* [ACTIVITY]
The records that follow are to be transcribed in full, without their images.

BEGIN

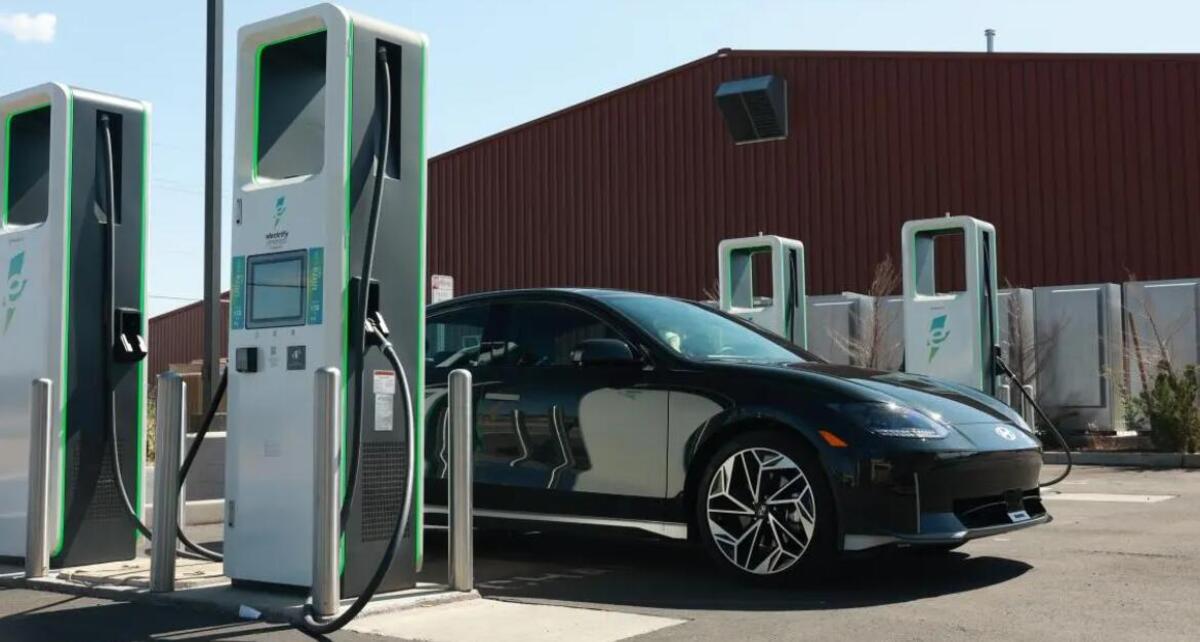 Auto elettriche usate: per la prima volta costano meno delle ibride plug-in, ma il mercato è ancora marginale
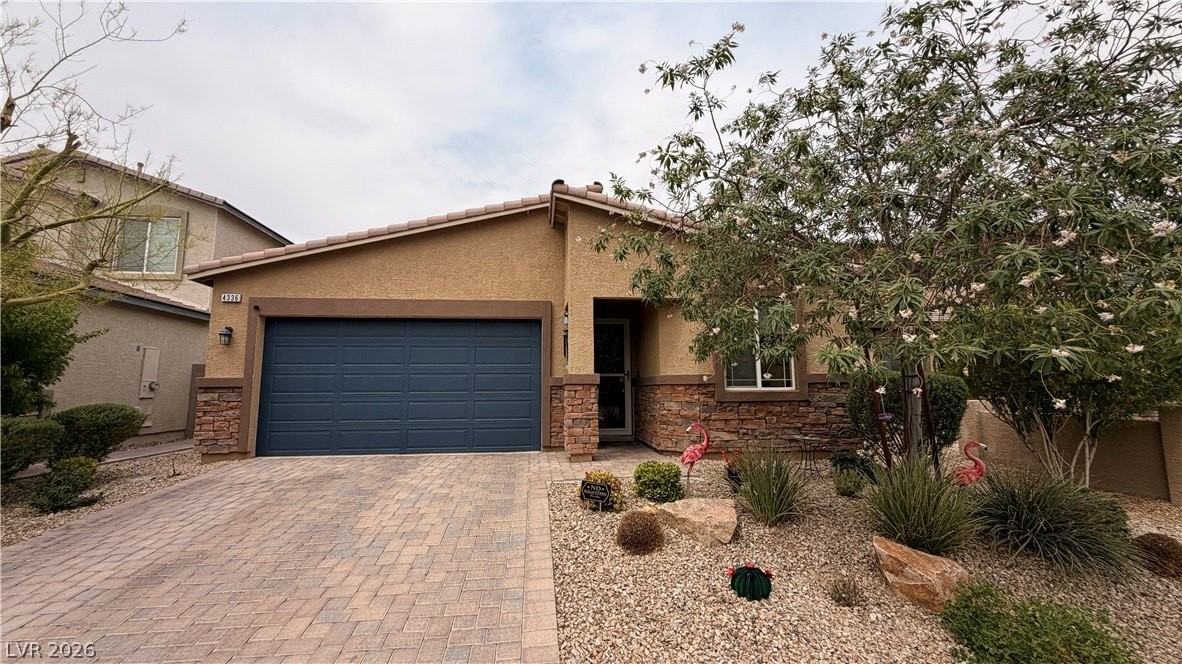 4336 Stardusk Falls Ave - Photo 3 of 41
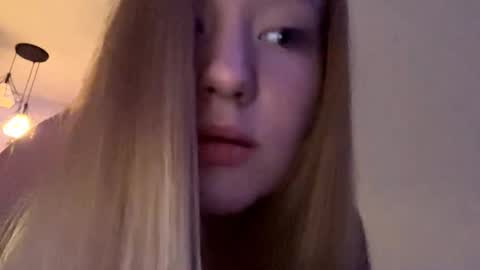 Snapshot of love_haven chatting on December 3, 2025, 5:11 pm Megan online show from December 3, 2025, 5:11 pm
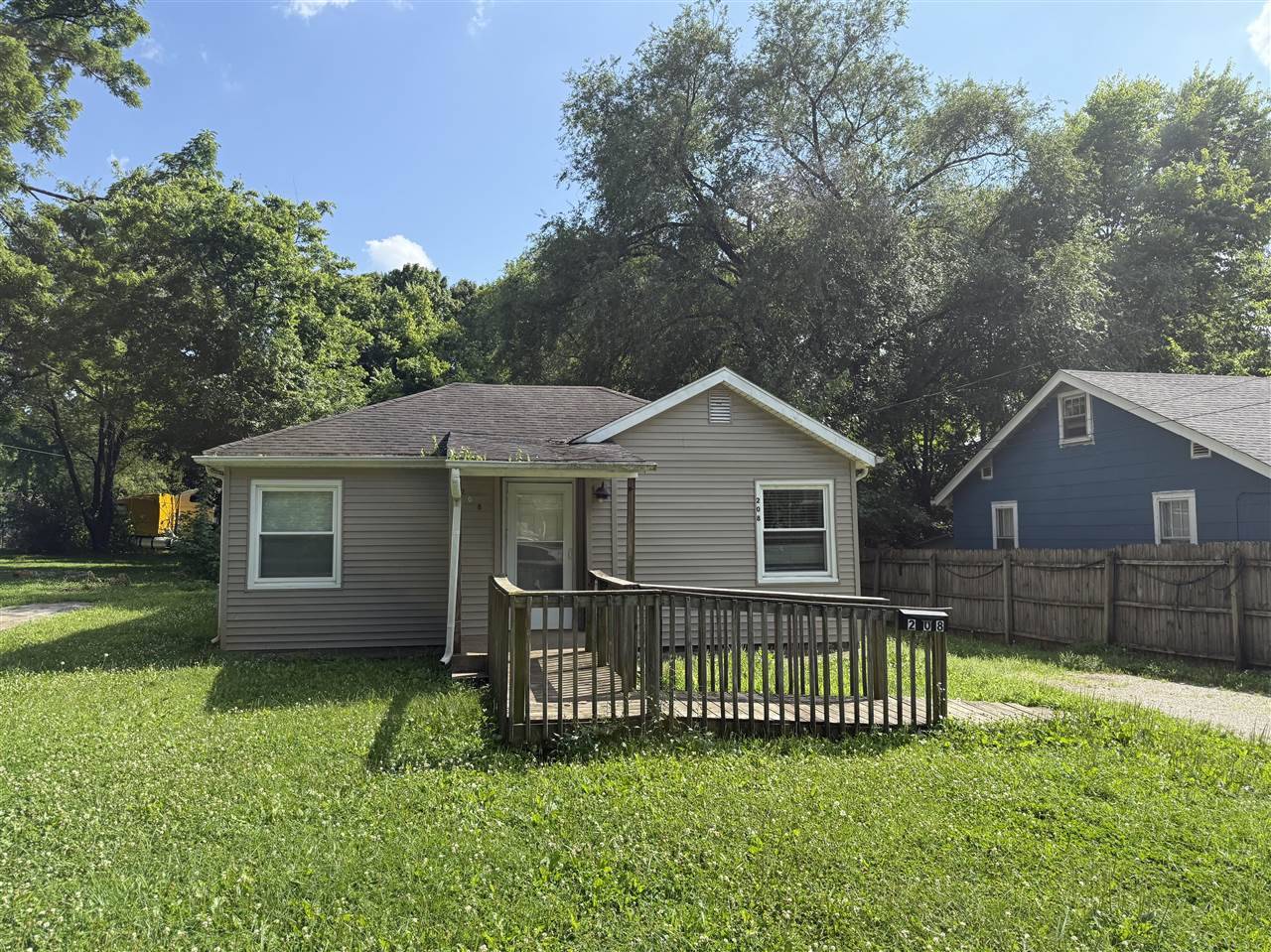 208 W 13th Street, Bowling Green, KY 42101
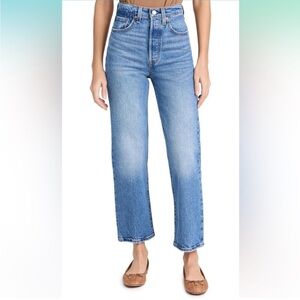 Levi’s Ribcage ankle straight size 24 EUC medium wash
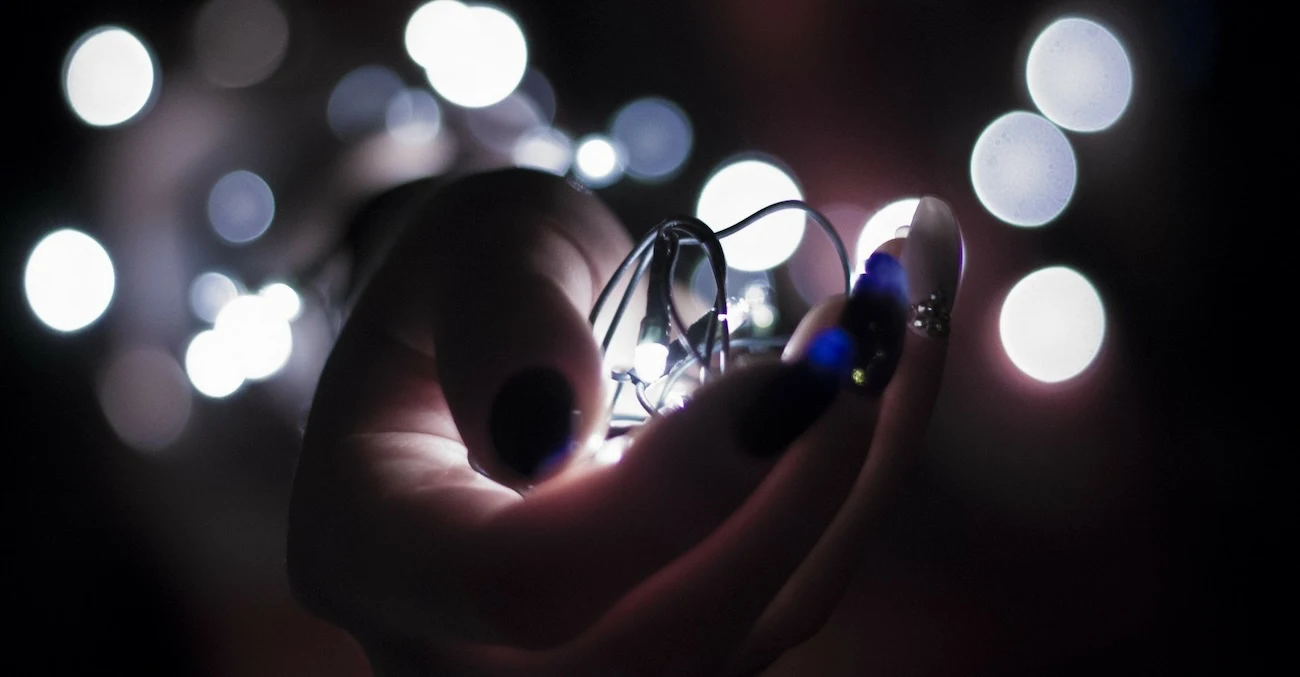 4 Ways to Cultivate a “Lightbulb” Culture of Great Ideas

END

* [OUTPUT BELOW]
 Auto elettriche usate: per la prima volta costano meno delle ibride plug-in, ma il mercato è ancora marginale
 4336 Stardusk Falls Ave - Photo 3 of 41
 Snapshot of love_haven chatting on December 3, 2025, 5:11 pm Megan online show from December 3, 2025, 5:11 pm
 208 W 13th Street, Bowling Green, KY 42101
 Levi’s Ribcage ankle straight size 24 EUC medium wash
 4 Ways to Cultivate a “Lightbulb” Culture of Great Ideas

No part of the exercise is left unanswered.